UMA VALSA PARA LUIZA

Mariana acordou cedo naquele sábado de céu azul e lentamente ensolarado. Logo o aroma do café despertou a pequena Luiza. Elas moravam num bairro antigo na pequena vila de Tabocas. A casa era simples, mas, ainda tinha toda a estrutura de casas do século passado.

Aquele sábado era um sábado diferente, Luiza estava completando dez anos de idade e ganharia um presente que ela sempre desejava, no entanto, por muito tempo havia esquecido esse desejo de criança inocente.

Mariana colocou o café na xícara, o leite e pão dormido com leves passadas de manteiga. A mãe observava a filha com ternura no olhar e saudade de quando estava em seus braços coberta por um mantinho rosa de crochê. Uma tímida lágrima queria tecer pelo rosto rosado de Mariana.

- Filha. Hoje você vai ganhar um presente que muito queria. – Mariana dizia com a voz trêmula de emoção e receio.

- Posso saber, mamãe, agora.

Mariana olhou bem para os olhinhos negros de Luiza. O rostinho redondo, os cabelos negros e cacheados e os olhos brilhavam enquanto bebia seu café com leite.

Naquele dia a mãe apresentaria o pai que nunca a filha conheceu.

Jordão era um professor de dança e boêmio. Conheceu a jovem Mariana numa dessas aulas de valsa. As tardes de domingo na vila de Tabocas e na cidade de São Pedro da Porta Aberta eram de festas para tirar o povo do cansaço das fazendas de cacau. Ela dançou por horas com aquele rapaz de roupa de brim bem alva, cabelos negros para trás e uma lábia de malandro carioca que viera para a cidade pequena ganhar dinheiro com a dança e ganhar as garotas com as paqueras.

Ela ainda estudava no Liceu Machado de Assis quando ficou grávida de Jordão. A família colocou-a para fora de casa, o pai a tirou do testamento e a mãe morreu de sofrimento por tudo que passou.

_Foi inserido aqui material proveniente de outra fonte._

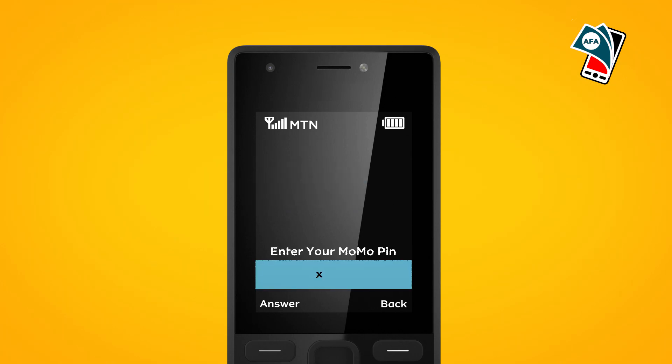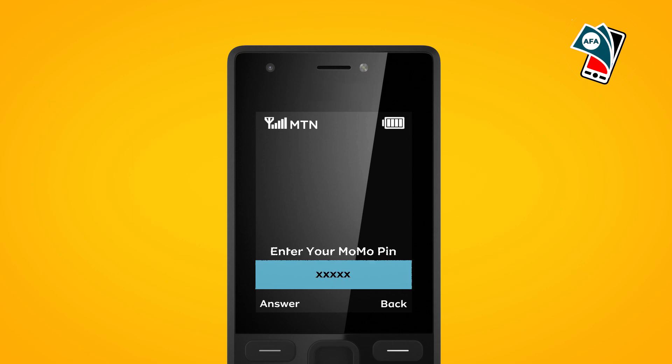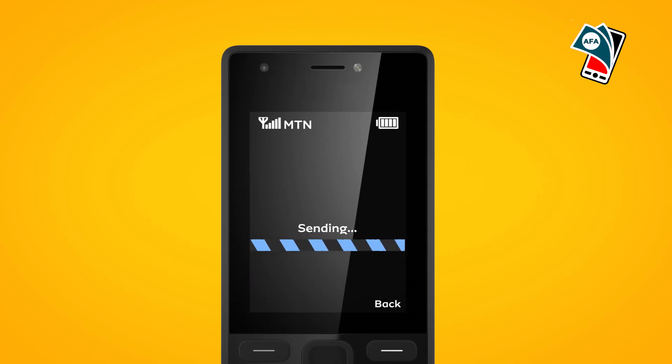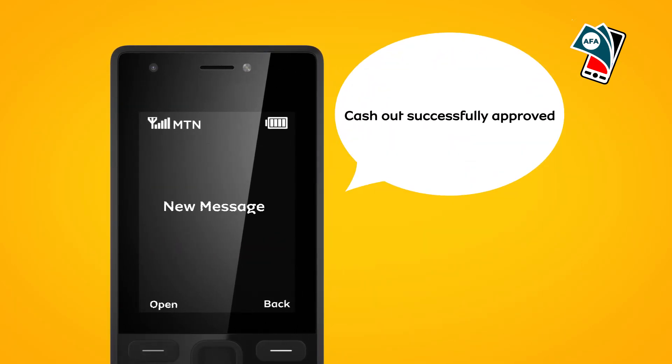Enter MomoPen for approval. You will get a notification on your phone screen with successful approval.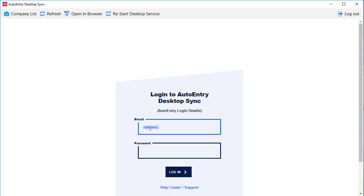You'll need to pop in your login details for AutoEntry, so this is just your email address and password that you set up earlier.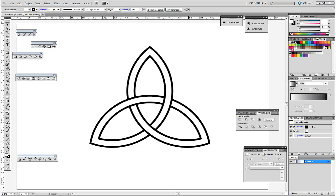Hello. Today I want to show you how to draw the pagan symbol — the Irish Celtic knot named Triquetra.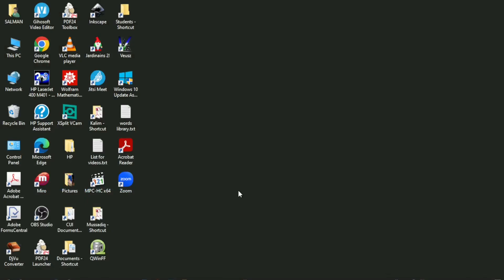Hey guys, welcome to Safi Mixed. In this video I will let you know how to add an app to the startup list of Windows. If you are interested to add an app to the list which starts automatically when Windows starts, you will learn this in this video.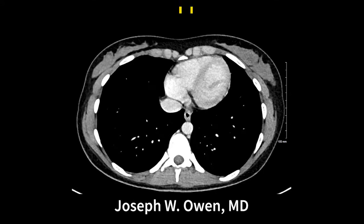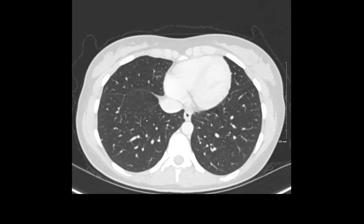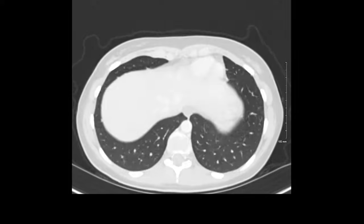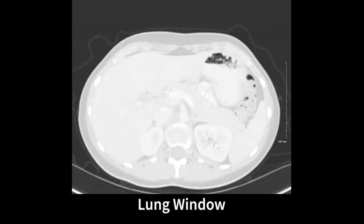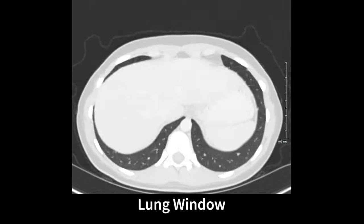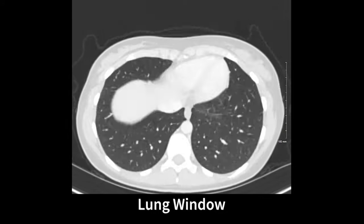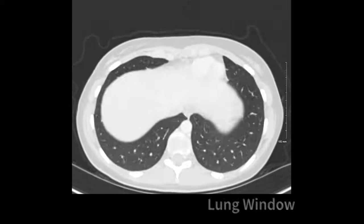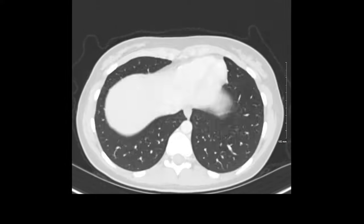When I start with a CT abdomen and pelvis, I will begin in the lungs and I think about dividing the lungs into four quadrants. I'll look at the anterior right lung and the posterior right lung, the anterior left lung, and the posterior left lung. Notice that we are in a lung window that gives us good resolution of air spaces.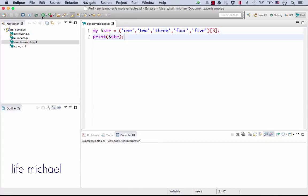Let's execute just as before. We get four printed to the screen.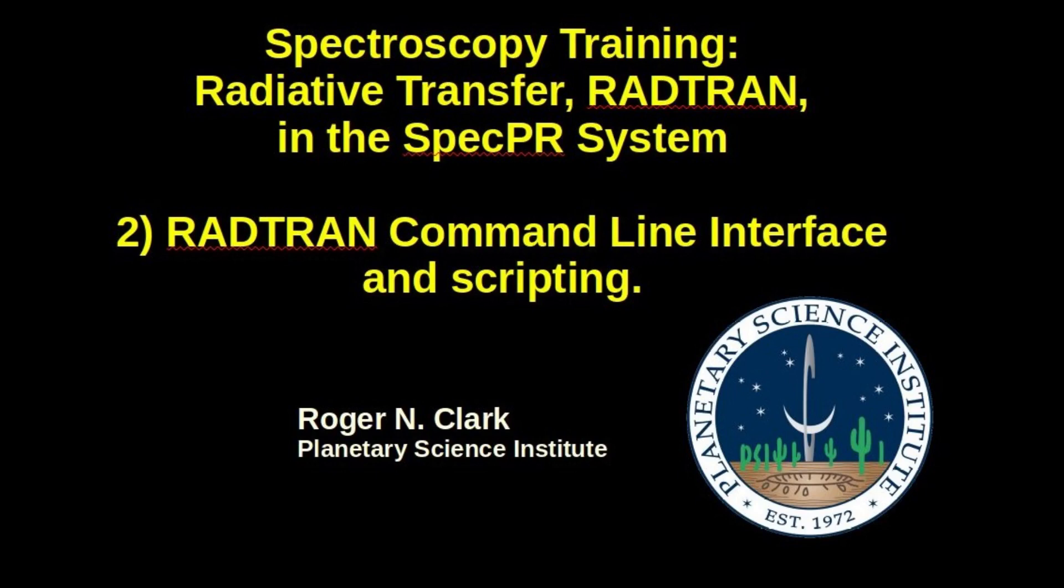In this video I'm going to demonstrate the radio transfer program in the SPECPR system. Specifically I'm going to show the command line interface and how to make scripts. I'm going to compute a simple one component spectrum and then a two component spectrum.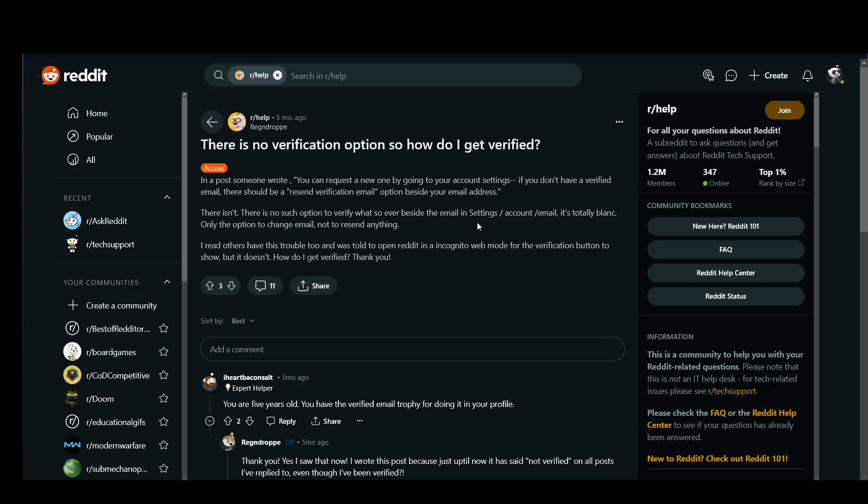As you can see, they went through their account. They saw a tutorial where they can get verified on their account and sadly, they cannot. They can't find the option that the other person told them of.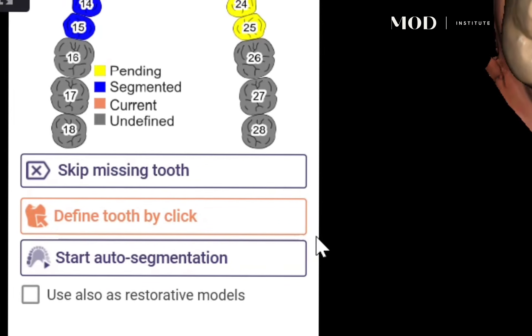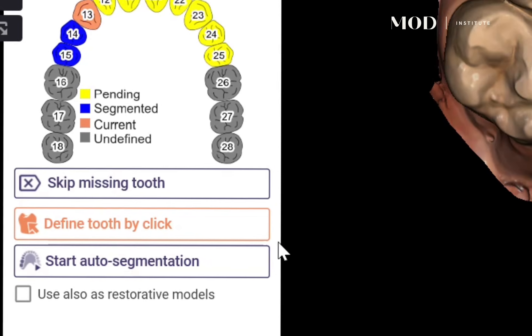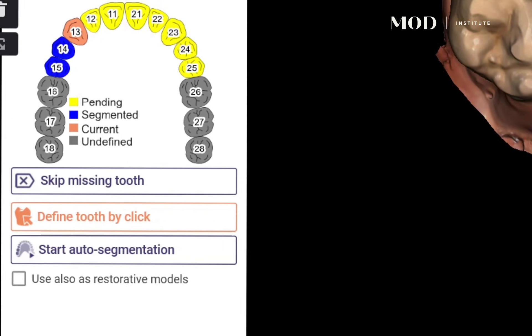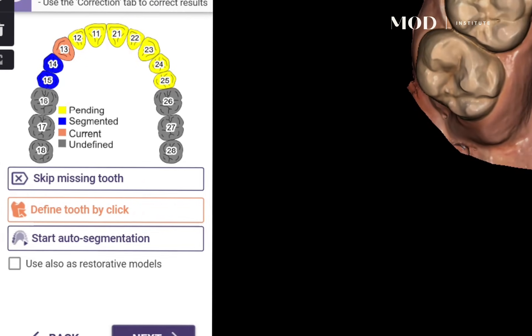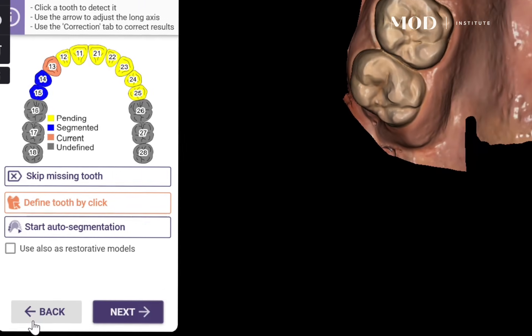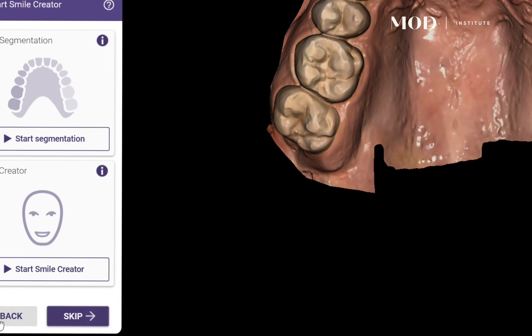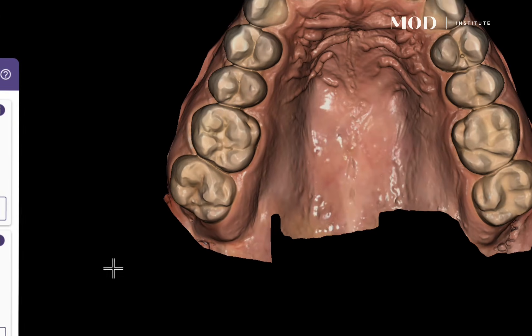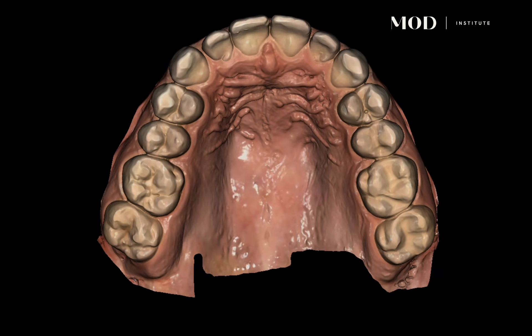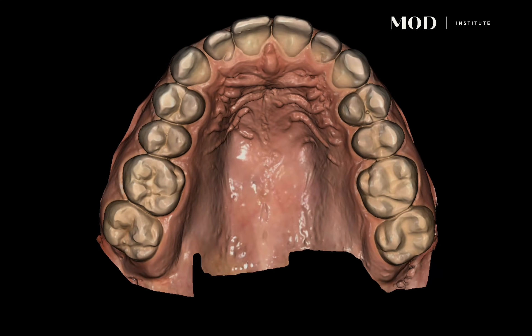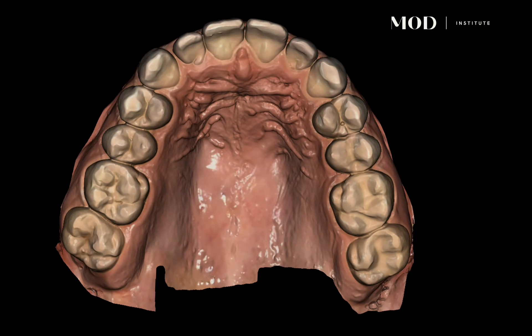Auto segmentation is going to take it through an AI cloud-based algorithm where it's going to identify the actual teeth in the arch that you want to use, separate those teeth out, and make library teeth out of those.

Mariana criou a pequena filha trabalhando na casa das suas ex-colegas como empregada e ganhou por herança da mãe a casa que mora. As irmãs dela jamais conheceu a sobrinha e nunca mais ela viu o pai. Ao saber que estava grávida fugiu de Jordão, e agora quando completa dez anos a filha recebe de presente o tão sonhado desejo de conhecer o pai.

- Você , meu amor, vai conhecer hoje o seu pai. – quando terminou de falar Luiza saiu da cadeira e abraçou forte a mãe e ambas começaram a chorar.

Jordão morava num hotel no centro de São Pedro da Porta Aberta. Vivia como sempre viveu, solteiro, dando aulas de dança e namorando todas: viúvas, casadas, solteiras, virgens. O homem era perigoso. Naquele sábado ele estava se preparando para mais um dia de trabalho duro, a boemia e as valsas vienenses que ele conduzia com maestria as damas da cidade.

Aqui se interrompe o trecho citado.